[Opening TASK DATA section]

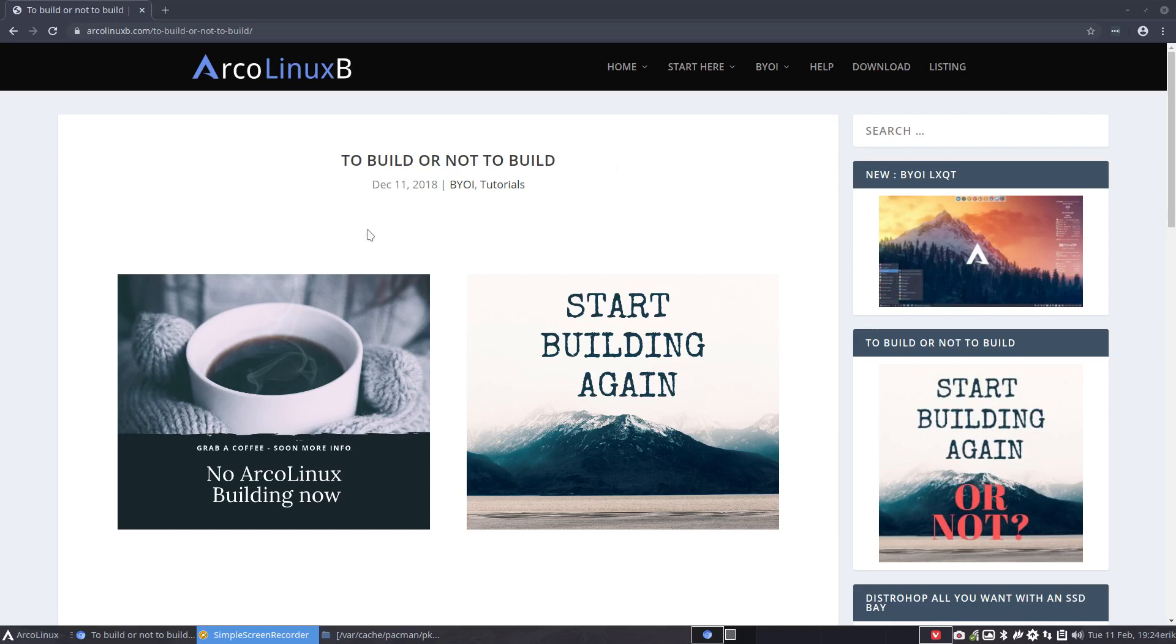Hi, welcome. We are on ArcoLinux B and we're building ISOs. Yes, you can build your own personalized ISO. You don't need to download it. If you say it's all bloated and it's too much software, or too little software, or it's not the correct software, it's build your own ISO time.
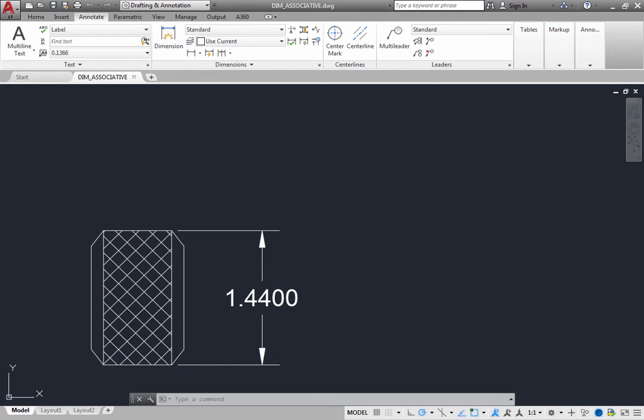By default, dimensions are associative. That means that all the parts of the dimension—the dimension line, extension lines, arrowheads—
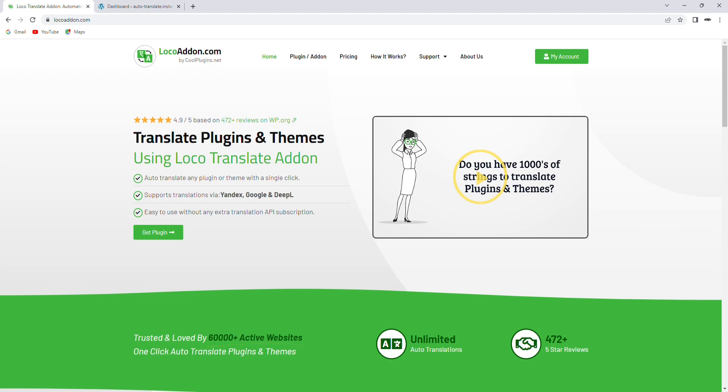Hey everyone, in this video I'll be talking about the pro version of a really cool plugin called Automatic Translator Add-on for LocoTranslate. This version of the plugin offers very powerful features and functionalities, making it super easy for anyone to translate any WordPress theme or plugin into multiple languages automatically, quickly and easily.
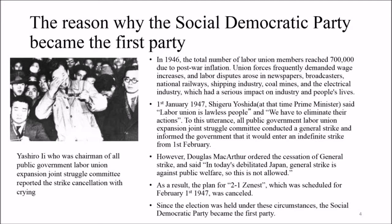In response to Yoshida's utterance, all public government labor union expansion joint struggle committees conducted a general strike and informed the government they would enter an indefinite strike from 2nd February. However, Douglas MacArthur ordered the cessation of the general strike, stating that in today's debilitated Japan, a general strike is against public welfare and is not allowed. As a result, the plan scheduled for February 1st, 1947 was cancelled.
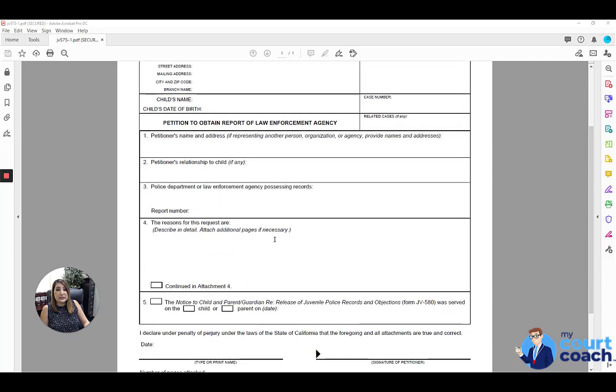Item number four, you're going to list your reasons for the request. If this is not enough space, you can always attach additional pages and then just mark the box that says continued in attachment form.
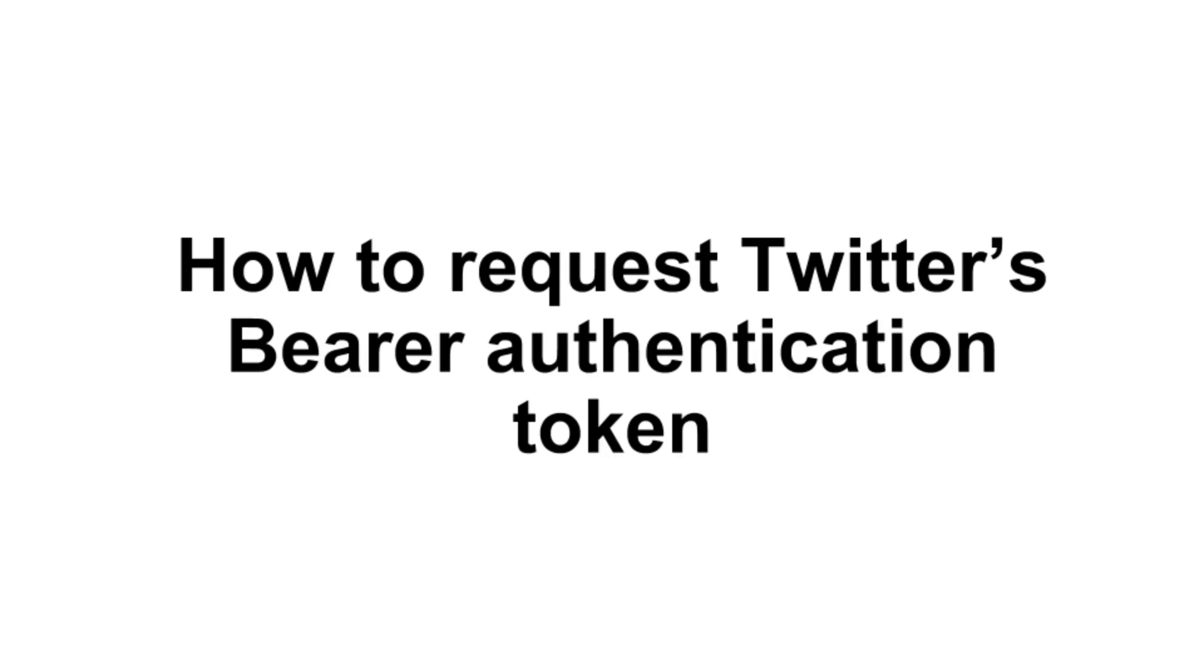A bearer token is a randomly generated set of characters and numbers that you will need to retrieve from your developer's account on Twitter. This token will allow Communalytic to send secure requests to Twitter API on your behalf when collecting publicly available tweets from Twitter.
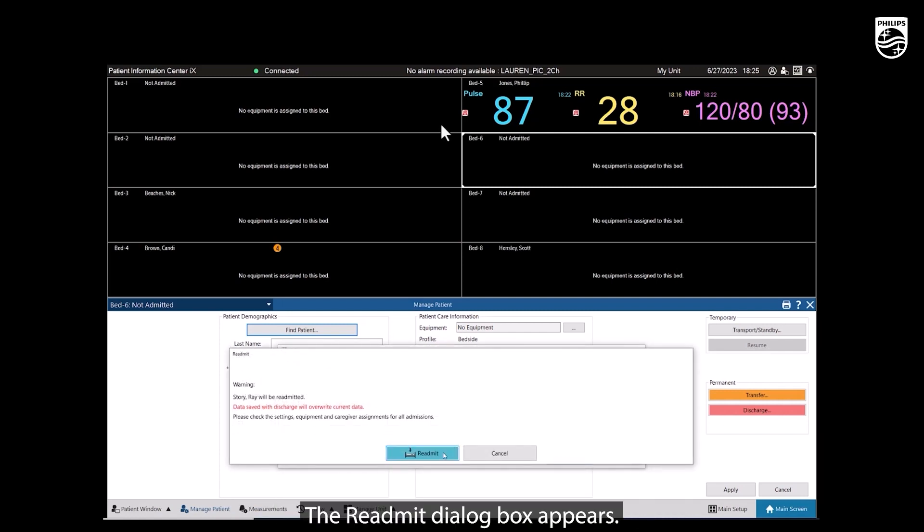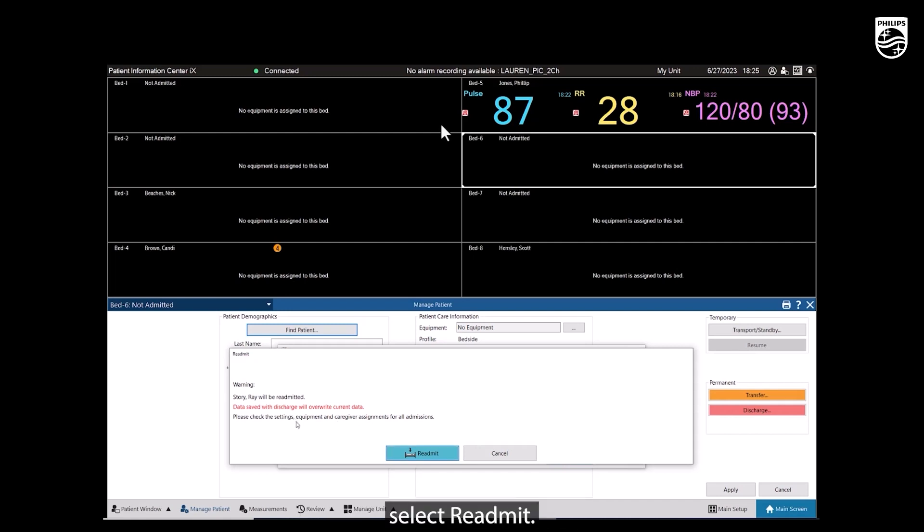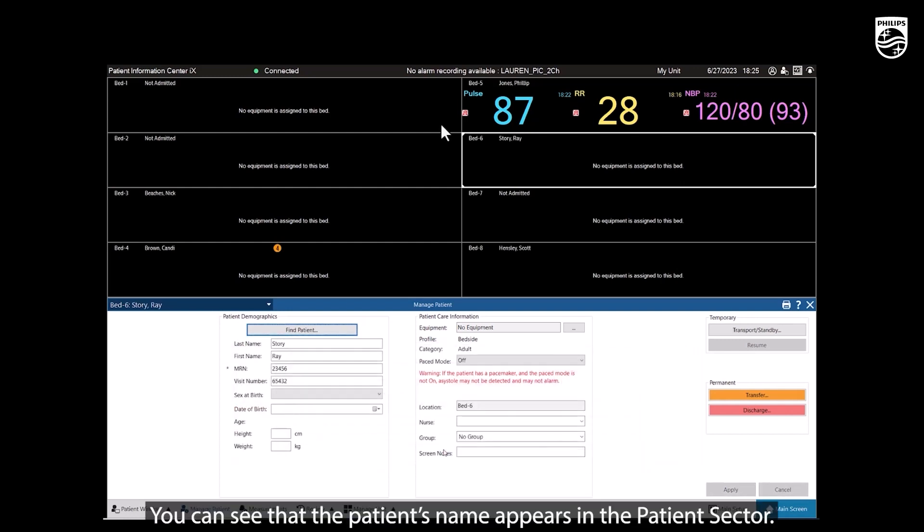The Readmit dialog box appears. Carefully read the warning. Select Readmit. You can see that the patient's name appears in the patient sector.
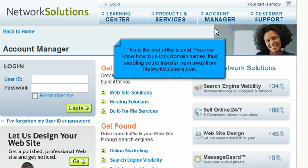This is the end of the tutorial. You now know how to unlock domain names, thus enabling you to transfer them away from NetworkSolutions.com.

[Closing TASK DATA section]

### WHAT IS REQUIRED
Your answer should contain only the lines from the beginning of the listing above through the line with "Hey everyone, in", copied exactly and without the pictures.

### RESULT OF THE EXERCISE
Hi, welcome. We are on ArcoLinux B and we're building ISOs. Yes, you can build your own personalized ISO. You don't need to download it. If you say it's all bloated and it's too much software, or too little software, or it's not the correct software, it's build your own ISO time.
By default, dimensions are associative. That means that all the parts of the dimension—the dimension line, extension lines, arrowheads—
Hey everyone, in this video I'll be talking about the pro version of a really cool plugin called Automatic Translator Add-on for LocoTranslate. This version of the plugin offers very powerful features and functionalities, making it super easy for anyone to translate any WordPress theme or plugin into multiple languages automatically, quickly and easily.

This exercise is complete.